▸ Data
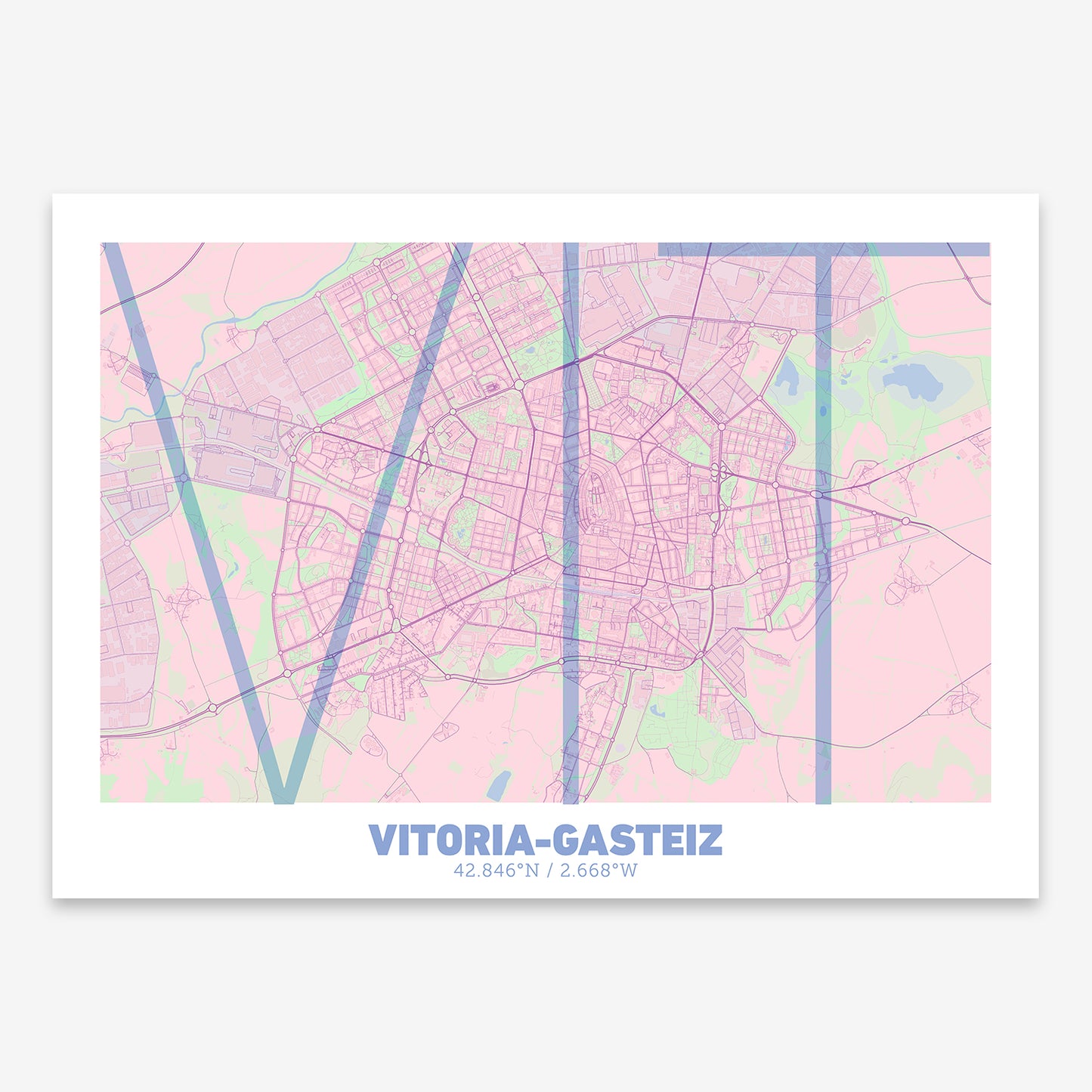 Vitoria-Gasteiz Map V07 Nursery / No Frame / No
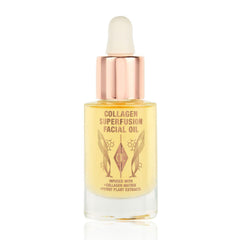 Charlotte Tilbury face oil front packaging showing bottle and cap for luxury presentation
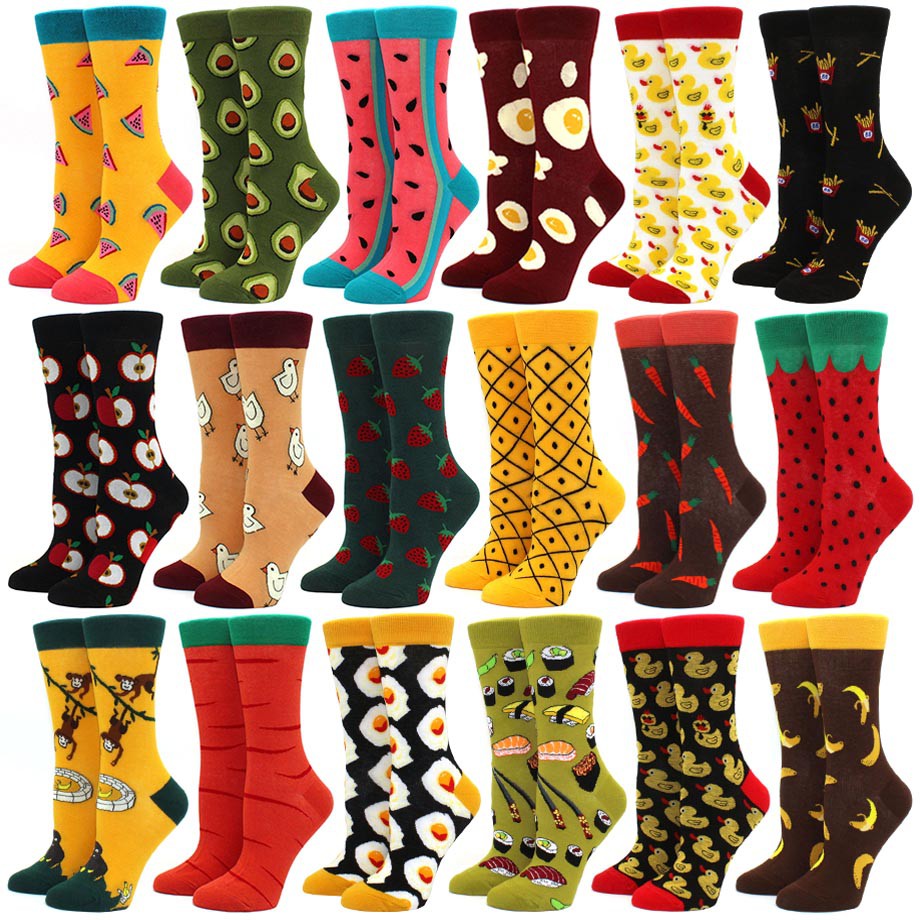 Women Happy Funny Socks With Print Fruit food Art Cute Winter Socks With Avocado Sushi Food Cotton Fashion Harajuku Socks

▸ Task brief
Reproduce the material word for word, minus the images.

▸ Finished task
 Vitoria-Gasteiz Map V07 Nursery / No Frame / No
 Charlotte Tilbury face oil front packaging showing bottle and cap for luxury presentation
 Women Happy Funny Socks With Print Fruit food Art Cute Winter Socks With Avocado Sushi Food Cotton Fashion Harajuku Socks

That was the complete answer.